Warga setempat segera membawanya ke tabib, namun Wiryadi sudah tidak tertolong dan akhirnya meninddal dunia.
Kepergian Wiryadi memberikan kesedihan mendalam bagi Sarinah dan Sarinten. Sepeninggal Wiryadi, Sarinah menjadi tulang punggung untuk menghidupi anaknya, Sarinten yang turut membantu menggantikan pekerjaan ayahnya.
Sarinah pun merasa berat menanggung beban hidup tanpa suaminya. Usia yang sudah mulai tua juga tak dapat bekerja secara maksinal, sedangkan Sarinten juga terlihat kurus karena bekerja di sawah.
Atas pertimbangan itu, Sarinah kembali membujuk Sarinten untuk menikah dengan Suta Winata agar keluarganya ada yang membantu dalam bekerja.
Kemudian, Sarinten menuruti permintaan ibunya dan mau menikah dengan Suta Winata. Namun, ia minta ada syarat sebelum menjadi istrinya, yaitu Suta Winata harus membunuh babi hutan yang membunuh ayahnya.
Syarat tersebut pun diterima dengan senang hati, apalagi Suta Winata senang berburu babi hutan. Namun, mencari babi hutan dengan tanduk patah tidak mudah. Ia berhari-hari keluar masuk hutan memburu hewan liar tersebut.
Hingga akhirnya, ia berhasil membunuh dengan tombaknya.

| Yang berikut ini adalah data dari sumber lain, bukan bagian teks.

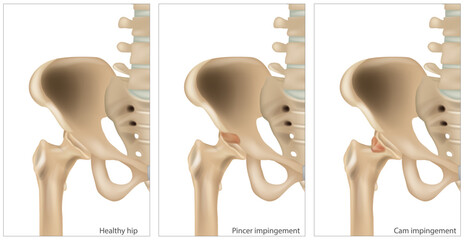 Medical illustration of the Femoroacetabular Impingement. Different of the Cam impingement and Pincer impingement. Healthy hip - obrazy, fototapety, plakaty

Kabar tersebut pun melegakan perasaan Sarinten karena Suta Winata bersedia menepati janjinya. Ia bersedia menikah, meskipun dalam hatinya masih belum dapat menerima calon suaminya tersebut.
Belum genap 40 hari keduanya menikah, mereka pergi ke ladang. Suta Winata selalu merayu istrinya yang cantik jelita itu. Namun, ia merasa malu lalu berlari menuju ke curug (air terjun) yang diikuti oleh Suta Winata.
Ketika berlari, ia tak sadar kalau di tengah curug terdapat sumber air yang dalam. Ia terpeleset dan jatuh ke sumber tersebut di bawah air terjun.
Suta Winata mencoba menyelamatkan istrinya dengan menyebur ke bawah air trjun, tapi naasnya ia itu tenggelam. Keduanya meninggal di air terjun. Usai kejadian tersebut, oleh warga tempat itu diberi nama “Curug Pengantin”.